W naszej parafii w I Niedzielę Wielkiego Postu konsekrowałem obecnością Największego Sakramentu nową monstrancję, która z serce i wiarą oraz zaangażowaniem zrobił pan Robert Gubała.
Naczynia liturgiczne z drzewa i z porcelany jakie mamy w naszej kaplicy: dwa kielichy, pateny i monstrancję są wyrazem odejścia od „bizantyjskiej” wizji liturgii przepełnionej złotem i przepychem.
Liturgia współczesności ma nieść w sobie prostotę i schludną estetykę bez przepychu.
Podobne naczynia liturgiczne są używane w misyjnych terenach.
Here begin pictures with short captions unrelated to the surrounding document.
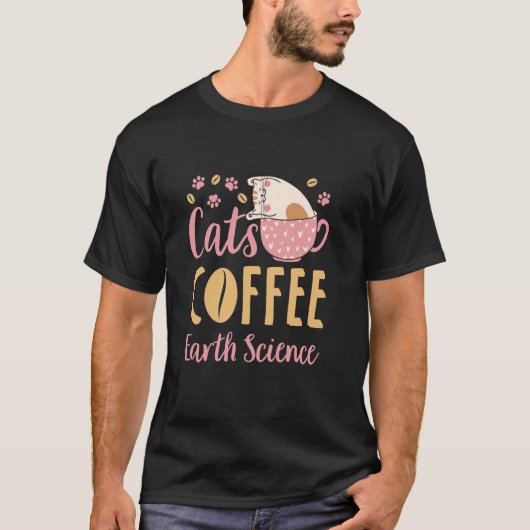 Aardwetenschappen Kat Koffie T-shirt (Voorkant)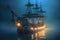 ghostly pirate ship sailing through a dense fog at night
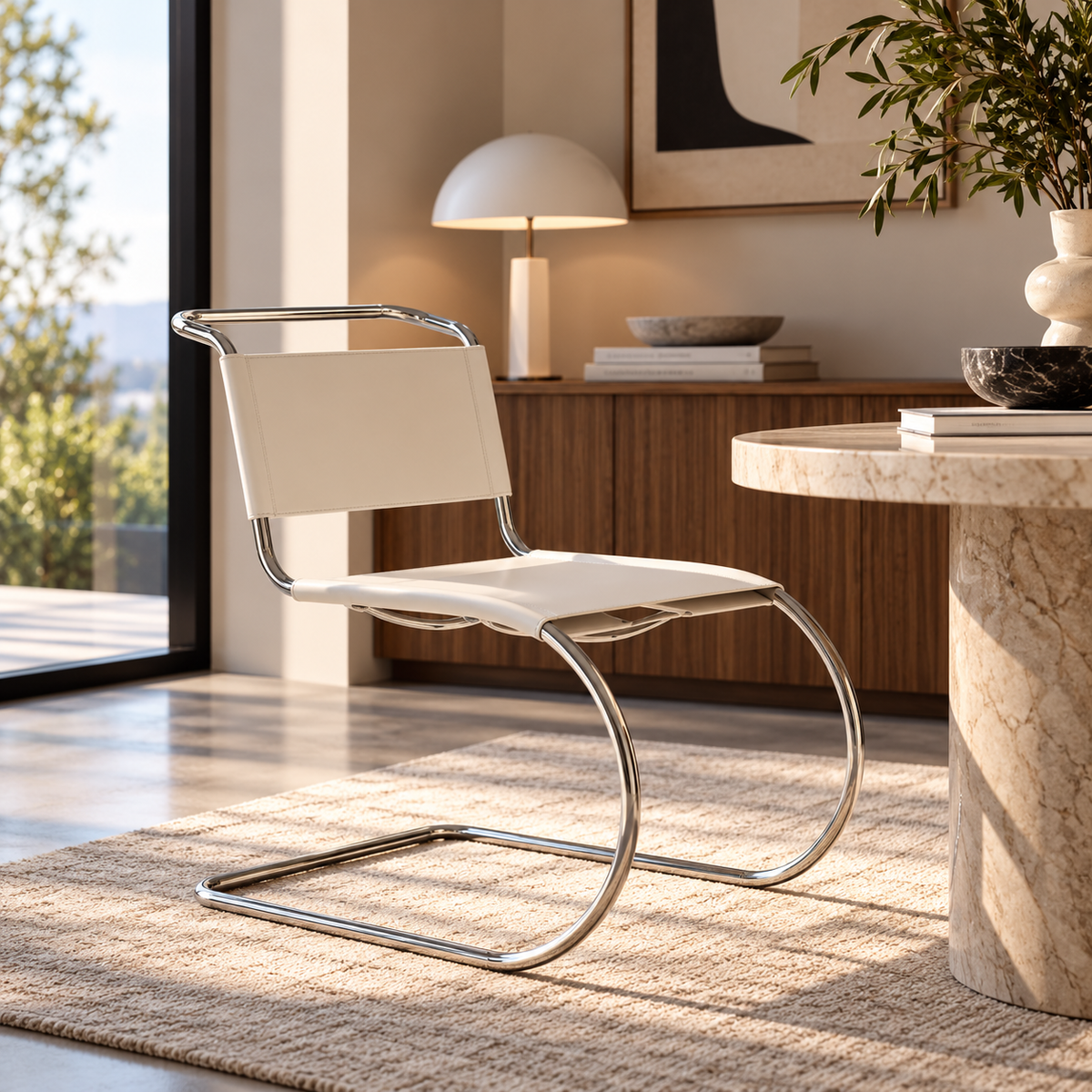 [color: ivory] A modern cantilever chair with a cream upholstered seat and backrest and a curved chrome metal base, shown in a stylishly decorated living room next to a marble side table.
W nich ludzie dostrzegają „zwykłość” i bliskość.
Znany z filmu Kler kawałek „złoty, a skromny” nie charakteryzuje ducha liturgii sprawowanej w kaplicy parafii KKN św. Michała Archanioła w Rybniku.
Raczej bliżej nam do klimatu katakumb czyli małej wspólnoty zgromadzonej w duchu wiary, niż przepychu katedr, które w liturgii celebrują „teatralnie” obrzęd, bardziej niż wiarę.
Prostota, świeca, drewniane naczynia liturgiczne nie mają symbolizować potęgi i bogactwa Kościoła, ale potęgę wiary ludzi ją celebrujących.